[Excerpts from a dataset]

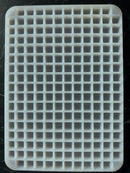 4,6 ml di stampo gommoso quadrato - 200 cavità-1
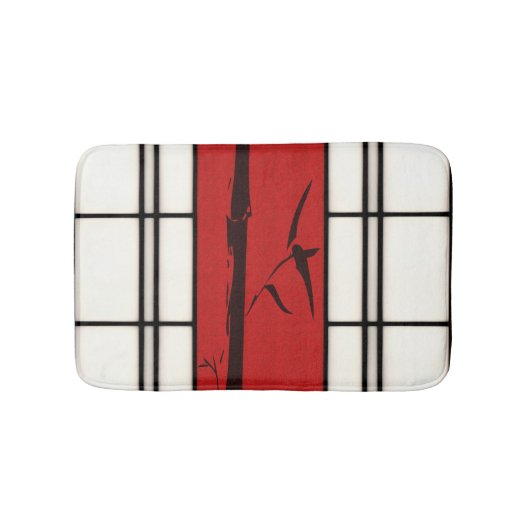 Shoji - Bamboo Badematte (Vorderseite)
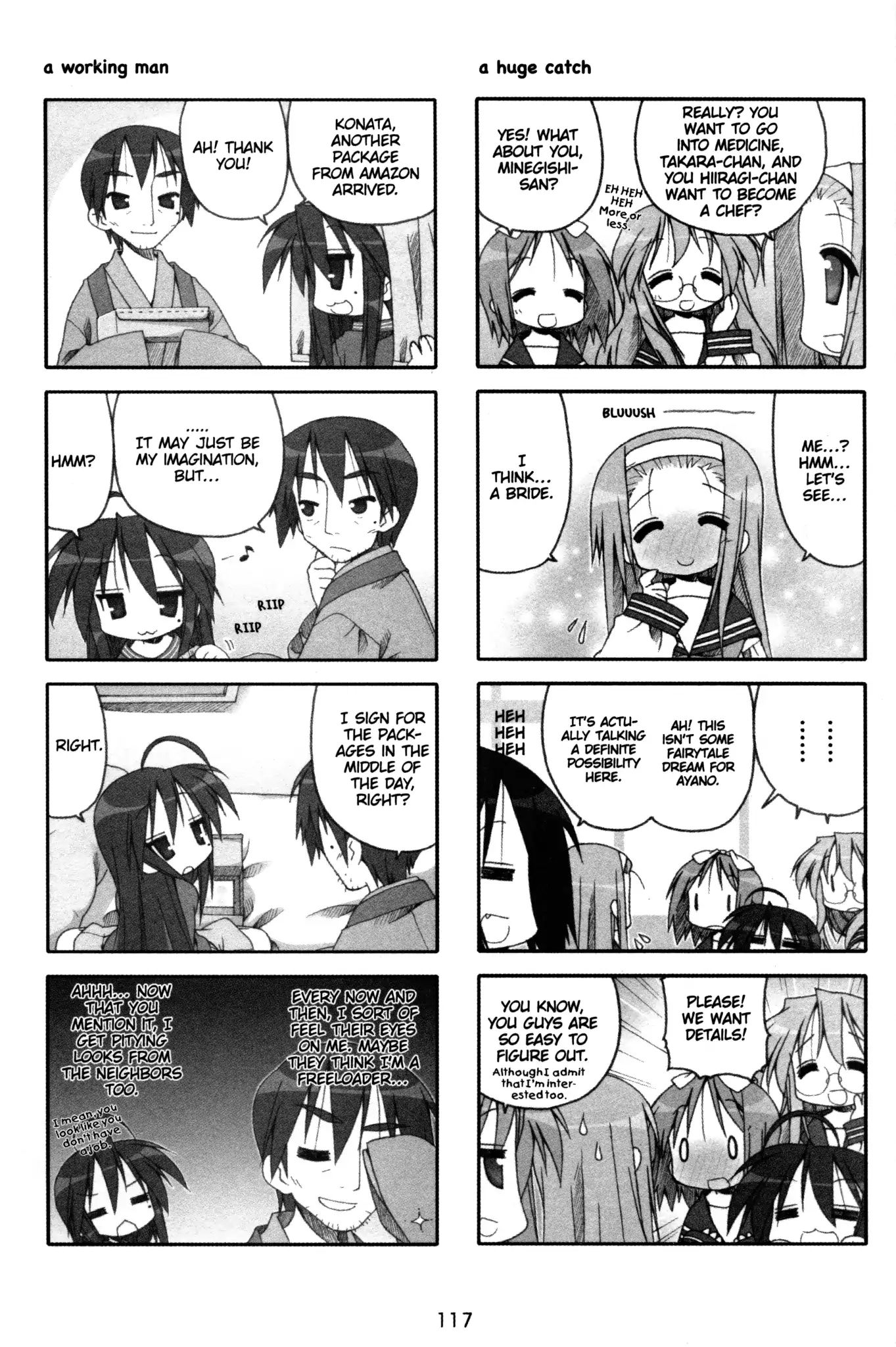 Lucky Star - Vol.4 Chapter 116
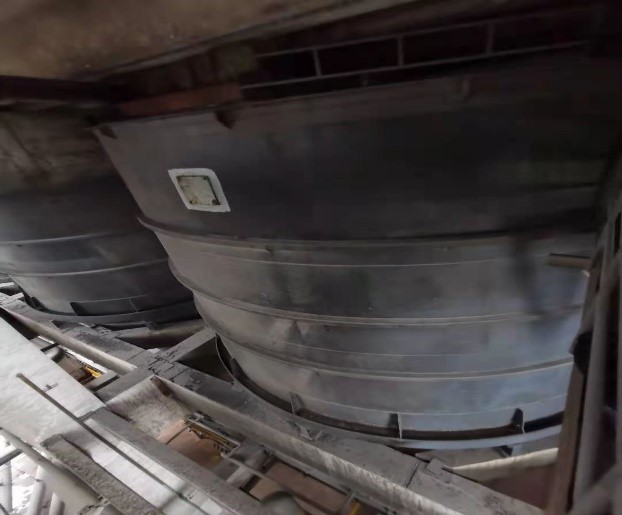 浙能嘉興發(fā)電公司應(yīng)用3D雷達(dá)物位計(jì)的案例(圖1)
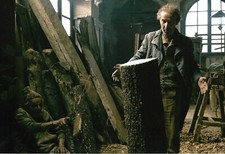 Roberto Benigni "Pinocchio" Autogramm signed 20x30 cm Bild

### What you will do
Set down all of the entries exactly as they appear, but keep the images out.

### Solution to this exercise
 4,6 ml di stampo gommoso quadrato - 200 cavità-1
 Shoji - Bamboo Badematte (Vorderseite)
 Lucky Star - Vol.4 Chapter 116
 浙能嘉興發(fā)電公司應(yīng)用3D雷達(dá)物位計(jì)的案例(圖1)
 Roberto Benigni "Pinocchio" Autogramm signed 20x30 cm Bild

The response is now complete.